Sunday, July 19, 2015

Conscience And Salvation: A Sunday Rumination

     In reflecting on yesterday’s cri de coeur, it’s come to seem ever more likely to me that the great awakening for which I’ve hoped and prayed is at last upon us...and in an irony beyond all other ironies, we have the evil ones among us, Planned Parenthood included, to thank for it.

     “You cannot do wrong without suffering wrong,” wrote Ralph Waldo Emerson. He wasn’t perfectly correct. In an exchange we had over the subject some time ago, military SF writer Tom Kratman pointed out that many a scoundrel, including some of the most extreme, has escaped this life without having to answer to others for his crimes. As that is indisputable, it falls to me to defend Emerson’s insight on another basis.

     One’s chiefest and most efficient tormentor is always oneself. “The guilty flee when no man pursueth.” (Proverbs) “But the wicked are like the troubled sea, when it cannot rest, whose waters cast up mire and dirt. There is no peace, saith my God, to the wicked.” (Isaiah) Only a total sociopath perfectly armored against Earthly justice can relax at all...and even he might know fear for his destiny in the next life.

     With very few exceptions, we are aware of our misdeeds. That’s the second function of the conscience, and rare is the man who succeeds in silencing it completely and permanently. When in the Lord’s Prayer Christians ask God to “forgive us our trespasses, as we forgive those who trespass against us,” it’s a reminder that we need to be forgiven for our crimes: at least, if we’re attentive to the words we’re uttering, rather than just reeling them off by rote.

     I wonder how Cecile Richards and her henchmen are feeling about that, just now.

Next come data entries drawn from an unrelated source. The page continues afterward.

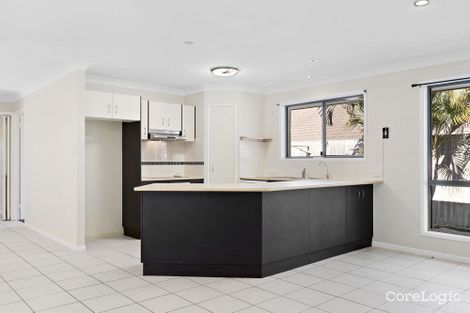 Property photo of 11 Dotterel Crescent North Lakes QLD 4509
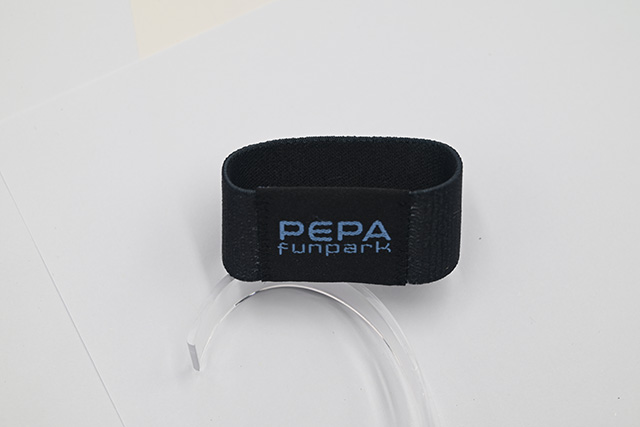 法定充電卡實(shí)驗(yàn)區(qū)揭牌一年后，充電卡個(gè)人余額開通近39萬個(gè)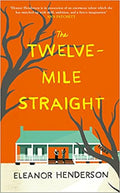 The Twelve-Mile Straight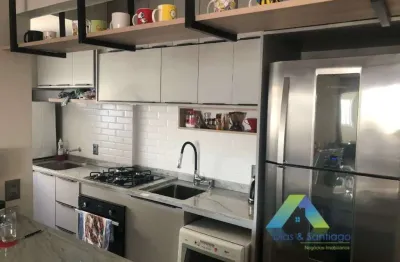 Estação do metro trianon masp apartamento 65 metros, 2 suítes, 2 vagas, lazer completo, ótima localização e valor !!!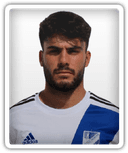 Iván Moreno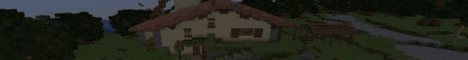 Proxti banner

     When someone like me starts nattering about awakenings, repentances, and redemptions, invariably the matter of religious belief will arise: specifically, whether it’s in any sense necessary to one’s exculpation. In this regard, much has been said that’s wholly false – indeed, in complete contradiction to the teachings of Christ. Allow me to quote a character of mine: one whose profile has grown ever larger in hindsight as I attempt to extend the Realm of Essences series:

     Ray sat back, relaxing at long last. “Your Louis sounds extraordinary. I wish I’d had the chance to meet him.”
     She nodded. “I miss him a lot. I owe him more than my life.” Her brow knotted. “Do you think he’s with God now? Even though he said he didn’t believe?”
     Ray paused to organize his thoughts.
     “We are taught,” he said carefully, “that no good man will be denied his just reward in the next life. Going by what you’ve told me, Louis was more than a good man, much more. I’m nowhere near that good, and I’ve never known anybody who was nearly that good. If he had doubts, they clearly didn’t keep him from living the faith in every imaginable way. And there aren’t many who can say that, even among the clergy.” He rose, went to the west-facing window and surveyed the day briefly. All was quiet beyond. He turned back to her. “If God is just, and He is, then Louis is with Him.”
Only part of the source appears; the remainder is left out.